_Work request:_ From the data underneath, reproduce exactly the stretch that begins at the line with "ORALUCELED電球E1" and ends after the line with "ο ΣΥΡΙΖΑ Αριστερό".

_Given information:_
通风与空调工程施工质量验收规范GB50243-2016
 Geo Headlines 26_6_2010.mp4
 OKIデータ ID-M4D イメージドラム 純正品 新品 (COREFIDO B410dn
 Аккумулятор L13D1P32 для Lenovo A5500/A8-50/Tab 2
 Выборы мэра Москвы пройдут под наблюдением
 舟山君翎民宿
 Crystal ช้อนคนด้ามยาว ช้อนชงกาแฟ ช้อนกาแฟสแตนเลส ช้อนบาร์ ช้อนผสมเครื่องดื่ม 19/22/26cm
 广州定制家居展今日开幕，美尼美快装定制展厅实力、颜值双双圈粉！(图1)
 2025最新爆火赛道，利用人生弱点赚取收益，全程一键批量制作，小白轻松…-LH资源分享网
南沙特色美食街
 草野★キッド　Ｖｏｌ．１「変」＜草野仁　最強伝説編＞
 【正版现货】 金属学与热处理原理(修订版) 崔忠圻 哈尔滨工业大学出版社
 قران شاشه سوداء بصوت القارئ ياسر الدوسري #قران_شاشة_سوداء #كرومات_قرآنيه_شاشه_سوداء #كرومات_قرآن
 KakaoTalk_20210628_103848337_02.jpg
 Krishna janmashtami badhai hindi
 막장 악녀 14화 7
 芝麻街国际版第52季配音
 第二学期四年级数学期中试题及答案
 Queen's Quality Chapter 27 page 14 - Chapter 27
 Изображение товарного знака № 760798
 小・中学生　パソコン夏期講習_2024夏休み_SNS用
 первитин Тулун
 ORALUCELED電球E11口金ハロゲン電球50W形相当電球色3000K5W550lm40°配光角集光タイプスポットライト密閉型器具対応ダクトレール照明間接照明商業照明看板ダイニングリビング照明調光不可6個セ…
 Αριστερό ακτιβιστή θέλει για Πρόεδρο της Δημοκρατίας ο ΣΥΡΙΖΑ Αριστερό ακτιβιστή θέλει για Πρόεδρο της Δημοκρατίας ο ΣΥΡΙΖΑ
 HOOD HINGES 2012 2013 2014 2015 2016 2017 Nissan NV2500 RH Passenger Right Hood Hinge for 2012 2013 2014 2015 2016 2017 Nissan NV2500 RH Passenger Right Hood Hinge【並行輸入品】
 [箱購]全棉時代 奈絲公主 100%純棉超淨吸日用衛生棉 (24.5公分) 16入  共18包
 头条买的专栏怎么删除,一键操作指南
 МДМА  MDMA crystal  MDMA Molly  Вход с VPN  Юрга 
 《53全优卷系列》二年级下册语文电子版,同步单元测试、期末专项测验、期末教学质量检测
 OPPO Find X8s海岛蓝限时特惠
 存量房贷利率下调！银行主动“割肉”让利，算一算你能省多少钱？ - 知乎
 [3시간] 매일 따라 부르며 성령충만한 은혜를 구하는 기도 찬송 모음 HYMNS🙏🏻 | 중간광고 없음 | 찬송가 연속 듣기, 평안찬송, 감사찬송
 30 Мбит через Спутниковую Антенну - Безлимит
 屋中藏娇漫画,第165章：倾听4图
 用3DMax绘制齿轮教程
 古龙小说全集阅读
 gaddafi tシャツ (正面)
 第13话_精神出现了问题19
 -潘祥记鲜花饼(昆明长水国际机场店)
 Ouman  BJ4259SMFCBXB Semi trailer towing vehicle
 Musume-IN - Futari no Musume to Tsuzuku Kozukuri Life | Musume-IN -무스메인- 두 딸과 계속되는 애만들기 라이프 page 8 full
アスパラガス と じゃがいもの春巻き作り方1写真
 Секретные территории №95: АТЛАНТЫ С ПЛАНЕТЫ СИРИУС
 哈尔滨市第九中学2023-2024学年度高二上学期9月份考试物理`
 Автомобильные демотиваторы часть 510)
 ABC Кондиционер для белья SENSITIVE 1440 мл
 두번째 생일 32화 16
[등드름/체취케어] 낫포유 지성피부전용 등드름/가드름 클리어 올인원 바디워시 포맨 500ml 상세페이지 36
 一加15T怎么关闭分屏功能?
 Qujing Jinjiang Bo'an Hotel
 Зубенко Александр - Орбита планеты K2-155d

_Result of this exercise:_
 ORALUCELED電球E11口金ハロゲン電球50W形相当電球色3000K5W550lm40°配光角集光タイプスポットライト密閉型器具対応ダクトレール照明間接照明商業照明看板ダイニングリビング照明調光不可6個セ…
 Αριστερό ακτιβιστή θέλει για Πρόεδρο της Δημοκρατίας ο ΣΥΡΙΖΑ Αριστερό ακτιβιστή θέλει για Πρόεδρο της Δημοκρατίας ο ΣΥΡΙΖΑ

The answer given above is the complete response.